Assignment: For this exercise, retype all the data exactly and exclude every image.
*** Opening of Data provided ***
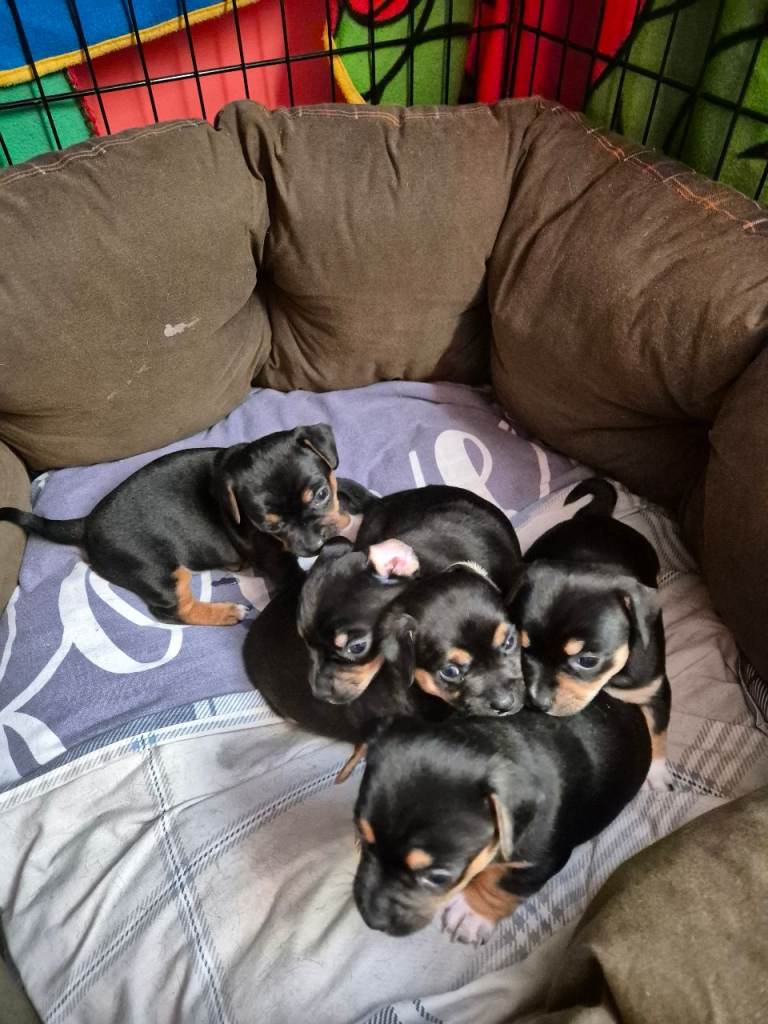 Beautiful Jack Chi Puppies for Sale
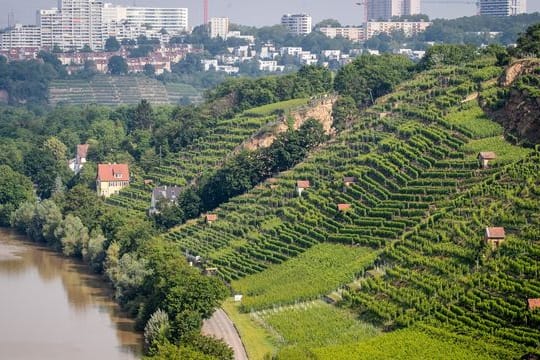 Die Sonne scheint auf die Weinberge und den Neckar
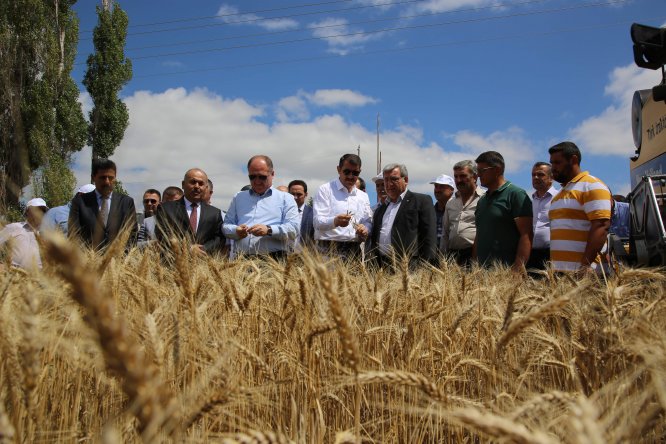Sivas'ta 'Tarla Günü' etkinliği düzenlendi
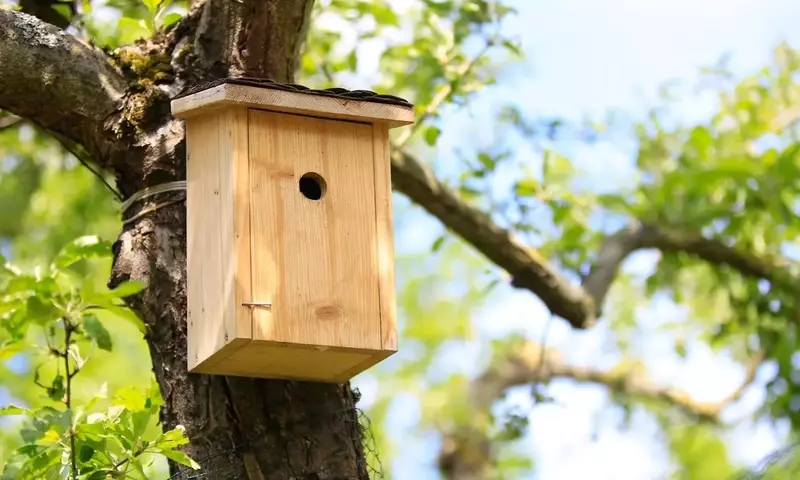 Den Nistkasten erkennen: Ein umfassender Leitfaden zur Vogelbeobachtung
*** Close of Data provided ***
Answer box:
 Beautiful Jack Chi Puppies for Sale
 Die Sonne scheint auf die Weinberge und den Neckar
Sivas'ta 'Tarla Günü' etkinliği düzenlendi
 Den Nistkasten erkennen: Ein umfassender Leitfaden zur Vogelbeobachtung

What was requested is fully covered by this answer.